To maximize course relevance, iCons students will receive guidance and feedback from people with hands-on experience, such as Pierre Rouzier, a UMass Amherst physician shown here helping Haitians after the 2010 earthquake.

“These days, research is more and more interdisciplinary,” she says. And that trend presents challenges for faculty who lead research programs that attract students from across a range of technical backgrounds. “We should introduce students at the undergraduate level, or even earlier, to the idea that science is an interdisciplinary field,” she says. “The sooner kids understand that concept and begin practicing it, the better off they’ll be.”

One of the challenges of internalizing that concept is that in traditional college courses, problems and their solutions are neatly compartmentalized. In the classroom, often there are sharp divides between a physics problem and a chemical engineering problem, for example. But as Stein explains, real-world problems don’t come with neat labels that say, “This is the tool set you need to solve me.”

Ideally, students should be educated to recognize where their skills can best be applied and whom to team up with to solve the other aspects of a problem.

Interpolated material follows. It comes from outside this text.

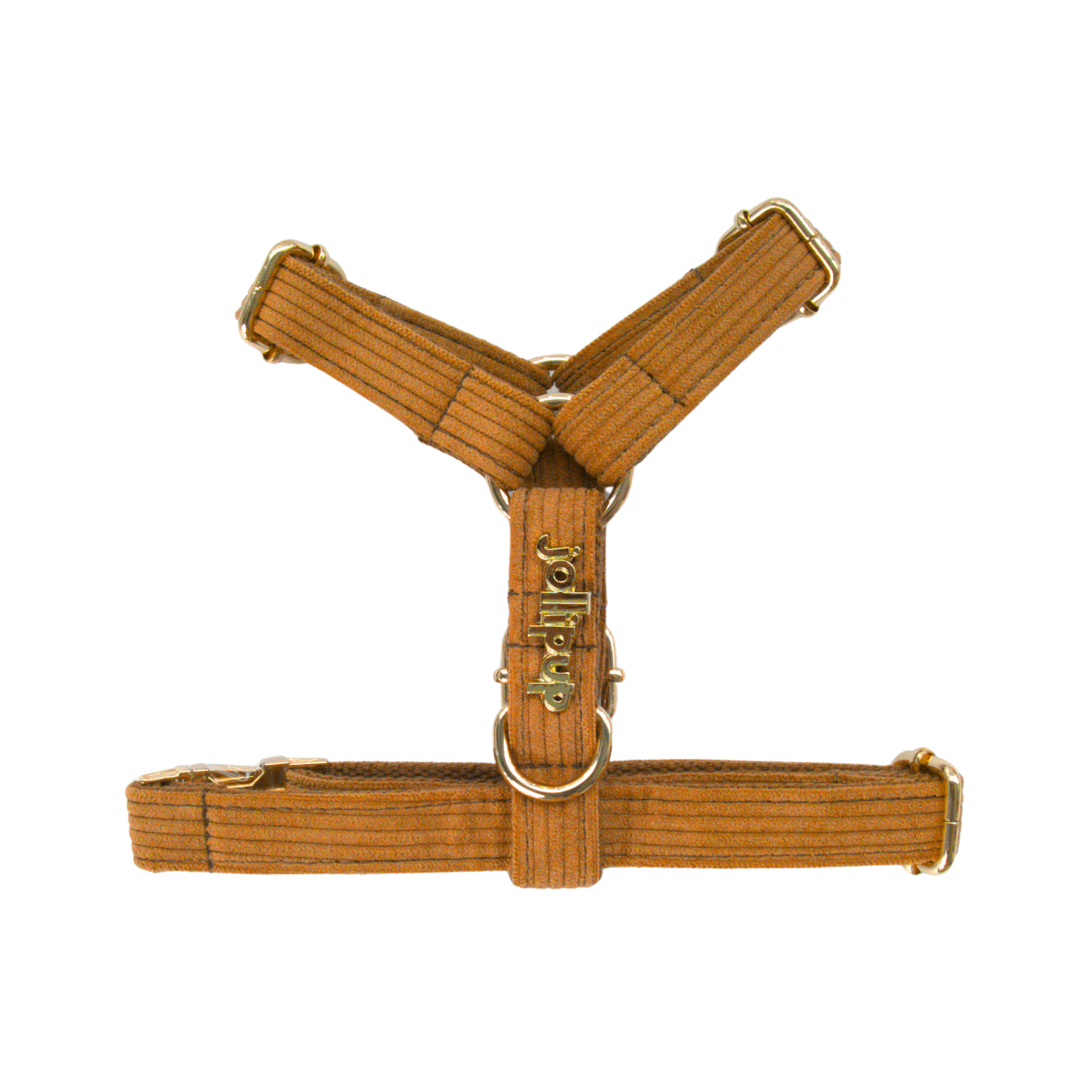 Corduroy Harness & Leash Bundle (Brown)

Another cornerstone of the new program is student-driven learning. Auerbach had the distinct pleasure of watching that process unfold this past semester as iCons-I students focused on a case study surrounding the cholera outbreak in Haiti after the 2010 earthquake.

Teams of students were asked to identify a societal problem; formulate a scientific question that, if answered, might solve the problem; and propose a scientific study to answer the question. The students were given latitude to examine the problem according to their interests.

Some teams approached the challenge as a problem in biotechnology. They proposed studying the cholera-microbe genome to learn whether the strain in Haiti was the same as other strains. They wanted to study its evolution and mutation patterns to learn how to treat the outbreak.

Other teams reasoned that the heart of the problem is a lack of clean water and the inability of people living in makeshift tent camps to secure enough reliable energy to boil their water supplies. Those students wondered whether the right set of solar materials and heating devices could be designed to exploit Haiti’s sunlight and climate conditions and thereby mitigate the energy and water problem.

The follow-up iCons courses are scheduled to commence in the next few years. ICons-II, which will be offered in spring 2012, will focus on written and oral communication. The aim is to hone skills needed for students to communicate articulately with scientists in all disciplines and with younger students in the program. ICons-II students will delve into topics as diverse as fuel cells and biomass-fired power plants to cholera in Haiti, Alzheimer’s disease, and autism, depending on which concentration they select.

The program’s lab work is scheduled to begin in spring semester 2013 with the launch of iCons-III. Student teams will work with specialized lab equipment relevant to their concentration topic to learn about the capabilities and limitations of lab instruments. Together with faculty members, they’ll plan and carry out experiments.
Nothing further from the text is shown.